While there are no ad units on Google News, Gallaty said a lot of news search happens on general Google search listings, where there are plenty of ad units. "So there is, I would think, a benefit to Google to attracting large audiences looking for top information on news and serving ads up against that."
Browning agreed that this is an area that needs to be further examined, as it's hard to distinguish between those two types of content. "Generally speaking, it's a Google world today," she said. "It would be great if we could define it better."
Two questions were posed to Jansen that were submitted in advance of the Mega-Conference from members of America's Newspapers.
Julie Anderson, executive editor of the Orlando Sentinel and Sun-Sentinel, asked: "Has Russia been able to completely block Google News and YouTube from disseminating independent news reports of the Ukraine invasion? What is Google doing about it?"
Jansen said Google is aware that some users in Russia have reported not being able to access Google News, but said Google is seeking a deeper answer to this question.
Baretta Taylor, advertising director of The Decatur (Alabama) Daily, asked: "What preparation strategies would you recommend for newspapers that are Google partners or that sell local digital advertising to replace or prepare for the upcoming elimination of Third-Party Cookies?"
Jansen said Google has lots of resources that can assist with this. He advised knowing your privacy strategy and ensuring that your staff has a good understanding of first-party cookies versus third-party cookies. "I think we sometimes make assumptions," he said, "that everybody has the same understanding about that at your organization."
While local publications may have readers who are outside their geolocation, local newspapers — in general — serve readers in their community.

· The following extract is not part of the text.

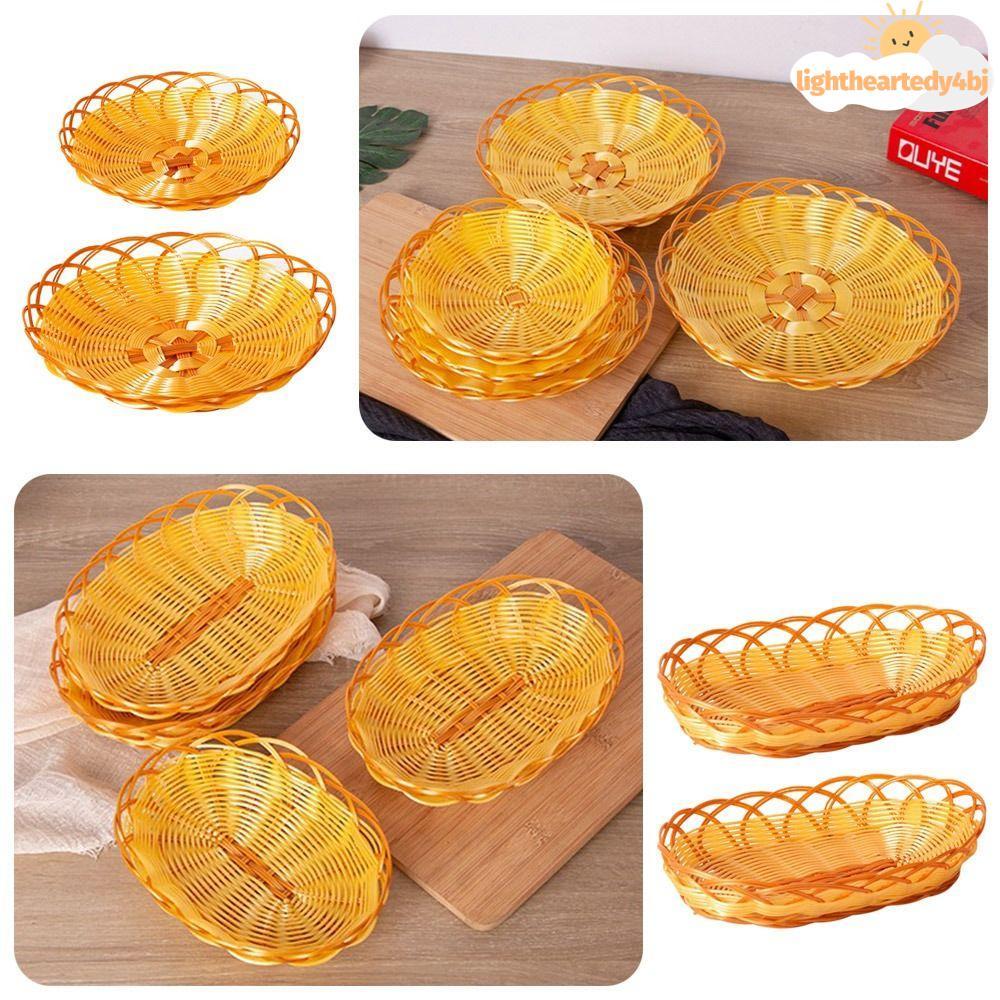 ILIGHTHEARTEDY4 Food Plate, Woven Round Imitation Rattan Basket, Plastic Fruit Tray Breakfast Cake Snack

He used the example of an advertiser who may have been able to identify people who are likely to buy a Land Rover within the next three weeks, using third-party data, and will no longer be able to do that. While your paper might be able to build that segment for your audience, if it winds up being only a few people, that doesn't provide real value. He encouraged newspaper staffs to think, instead, about broader audience strategies. "What can you tell your advertisers about their level of engagement with your content?"